Maurice Switzer – Vice President
Bnesi ndizhnikaaz. Wazhashk ndoodem Anishinaabek, Okwaho Haudenosaunee..Alderville ndoonjbaa, North Bay endayaan. Greetings friends!
My priorities as a member of your board of directors are informed by what I have learned as a member of the Ontario Human Rights Commission, director of communications for the Assembly of First Nations and Union of Ontario Indians, and as a journalist for many years in the daily newspaper industry and writing for First Nations publications.
As a board member, I try to increase community awareness about Indigenous peoples, in general, and, in particular, about the excellent contributions being made by Friendship Centre staff that help make North Bay a better place for everyone who lives here.
Across Canada some 80 per cent of Indigenous people live in urban centres. Of 70,000 people living in the North Bay area, some 9,000 are Indigenous.
This population growth means services provided by Friendship Centres are becoming increasingly important, and we want to continue to provide programs that grow our membership and benefit more participants of all ages.
It has been my privilege to help establish Reconciliation North Bay, a process that is bringing together people from all walks of life in North Bay to learn more about Indigenous peoples and issues, and that had its origins as a committee of the centre’s Urban Aboriginal Strategy.
Our board always welcomes your ideas about how to improve our programs and services, and we thank you for your support.
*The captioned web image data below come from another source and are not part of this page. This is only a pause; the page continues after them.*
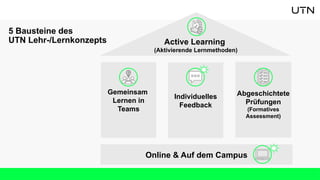 Online & Auf dem Campus
Gemeinsam
Lernen in
Teams
Individuelles
Feedback
Abgeschichtete
Prüfungen
(Formatives
Assessment)
Active Learning
(Aktivierende Lernmethoden)
5 Bausteine des
UTN Lehr-/Lernkonzepts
Lorraine Whiteduck Liberty – Treasurer
Having come from the waters of very strong and committed women, I have been able to carry the knowledge and beliefs of the Anishabe Teachings. Through the gift of strength, courage,
resilience and humility, in carrying and protecting the water teachings that have been given through the generations of Grandmothers, I have embraced the journey of sharing through my experiences.
To the community members, staff and family; as a long time, community member, I would acknowledge the people who have supported me through the years and for their confidence in my abilities to serve as a Board Member for the North Bay Indigenous Friendship Centre. Many Grandmother teachings have guided me through life’s decisions and achievements and for that I say Chi-Miigwetch.
Dot Beaucage-Kennedy – Director
aanin, boozhoo, wachee, sago, greeting.
My ojibway name is Oginee Kwe (Rose Woman). I am from Nipissing First Nation and belong to the Eagle Clan. I have been with the Friendship Centre movement for 30 years as a Board Member, Community Member, previous Court worker and a Grandmother. It is with pride that I volunteer with the North Bay Indigenous Friendship Centre as we are the hub for Urban
Indigenous People who come to North Bay or attend school here. We have many programs here from birth to senior and as a Board Member, I am proud of who we are and what we are able to do in this city. We all belong to the human family and we are all part of the Medicine Wheel that keeps us united as we strive for quality of life and ensure that our Indigenous Culture is maintained within our walls so we can be the role models for the people we serve.
Chii Miigwetch for allowing me to share a small part of who I am.